Google is making it easier to cut through Internet nonsense with a new Google News tag purpose-built for our era of discontent, fake news stories on social media, and flat-out lies.
The search giant says you will soon see a “Fact Check” tag next to appropriate news stories in the expanded story box on Google News. The new tag is rolling out to the U.S. and U.K. editions of the Google News website, as well as the Google News & Weather apps for Android and iOS.
The new Google News tags are just like the others you already see on the site, such as “Highly Cited,” “In Depth,” and the more recent “Local Source,” which rolled out in May. For sites to be considered for the “Fact Check” slot they need to be using schema.org’s ClaimReview metadata markup, and “follow the commonly accepted criteria for fact checks.” Google’s “commonly accepted criteria” is explained in greater detail on its help pages. The most important thing, however, appears to be adding proper markup to a webpage.

An example of Google’s new Fact Check tag in Google News.
While Google doesn’t explicitly spell it out, there must also be some kind of human curation to determine whether sites are following the “commonly accepted criteria” for fact-checking.
If it’s just a matter of properly formatted markup then any partisan website could add that to their stories in order to build a “Google Bomb” to unfairly earn “Fact Check” tags.
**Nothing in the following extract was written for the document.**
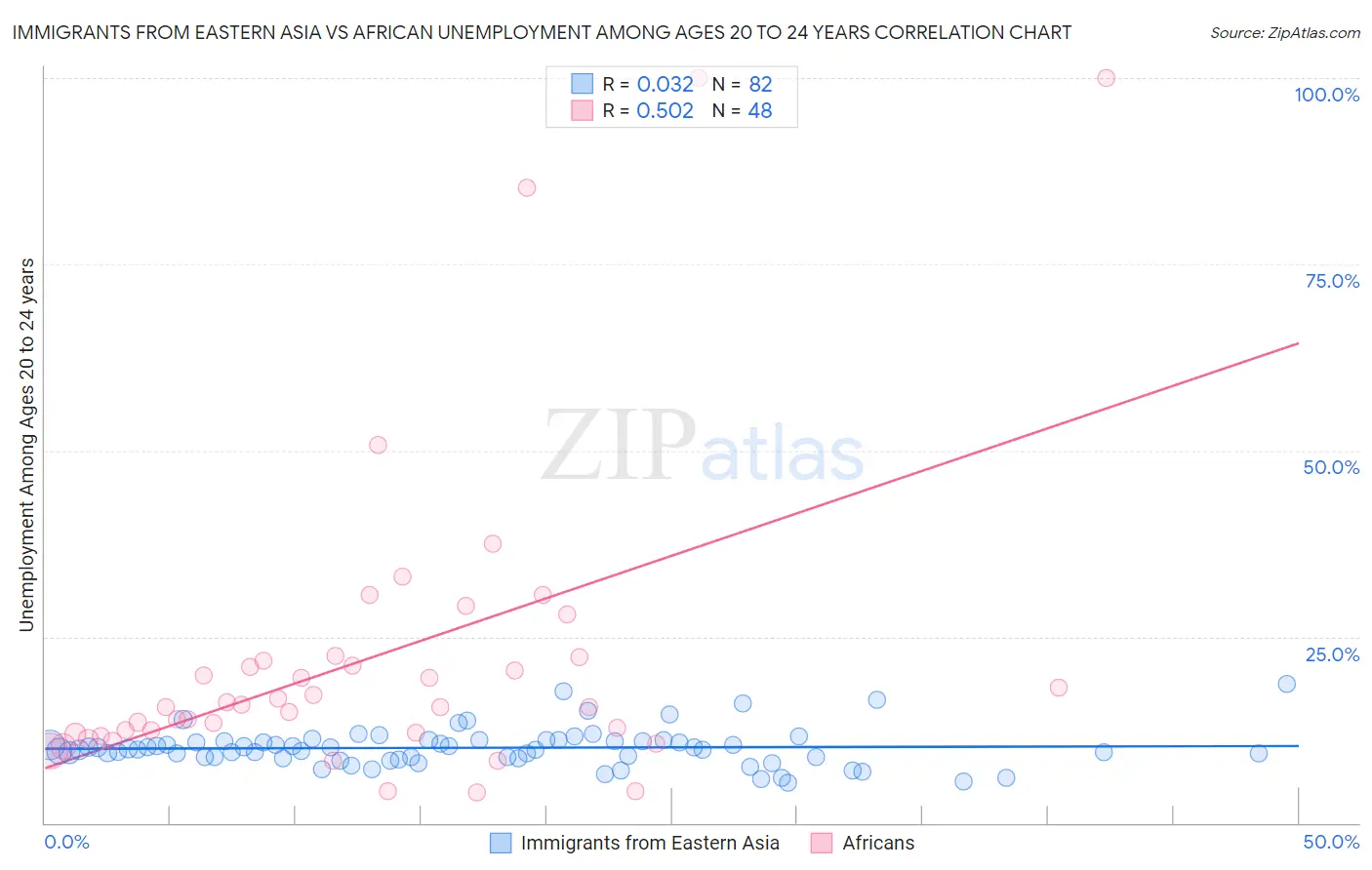 Immigrants from Eastern Asia vs African Unemployment Among Ages 20 to 24 years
That would be a disaster since the whole point of a “Fact Check” tag is to instill confidence that what we’re reading is the straight story without any spin.
The story behind the story: It’s no coincidence that the new “Fact Check” tags are rolling out first to the U.S. and U.K. Both countries are currently embroiled in very divisive public conversations. The presidential election in the U.S. has become a haze of spin, deception, and an “us vs. them” mentality. Meanwhile in the U.K., anti-immigrant fervor after the Brexit vote is fueling all sorts of reports of draconian measures under consideration by Parliament or the Prime Minister’s Office.
On top of all that, Facebook’s supposedly trusty trending news section has become a hive of fake news stories. Ever since the social network fired its human news editors, top stories have included parodies, conspiracy theories, and other false fodder, as The Washington Post recently reported.